▶ **Task requirements**: Restrict the output to the lines below starting at the one that contains "Scania 2, 3 Seria лобове скло" and ending at the one that contains "Tusk Impact Front", and restate them word for word, both ends included.
++++ Data to use ++++
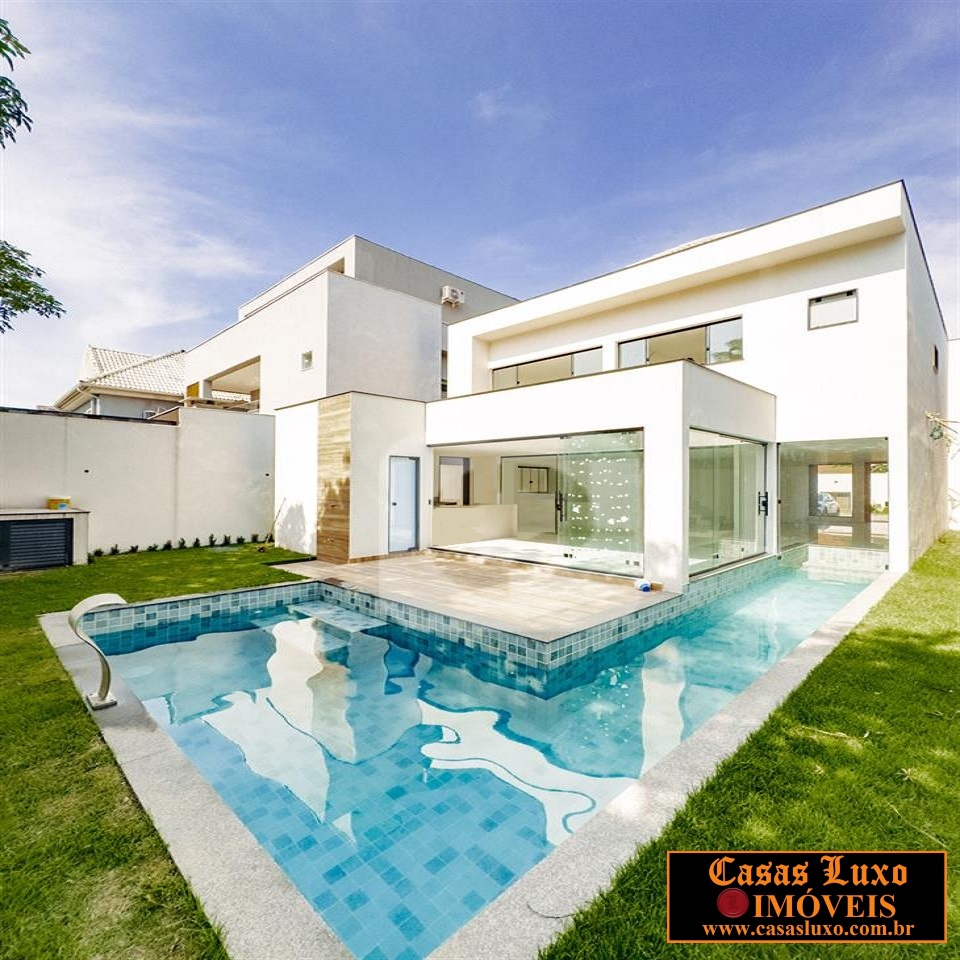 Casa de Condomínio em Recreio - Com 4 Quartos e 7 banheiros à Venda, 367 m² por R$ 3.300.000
++++
++++ Data to use ++++
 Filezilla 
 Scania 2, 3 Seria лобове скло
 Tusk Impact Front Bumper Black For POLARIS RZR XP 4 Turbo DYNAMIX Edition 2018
++++
▶ **Task solution**:
 Scania 2, 3 Seria лобове скло
 Tusk Impact Front Bumper Black For POLARIS RZR XP 4 Turbo DYNAMIX Edition 2018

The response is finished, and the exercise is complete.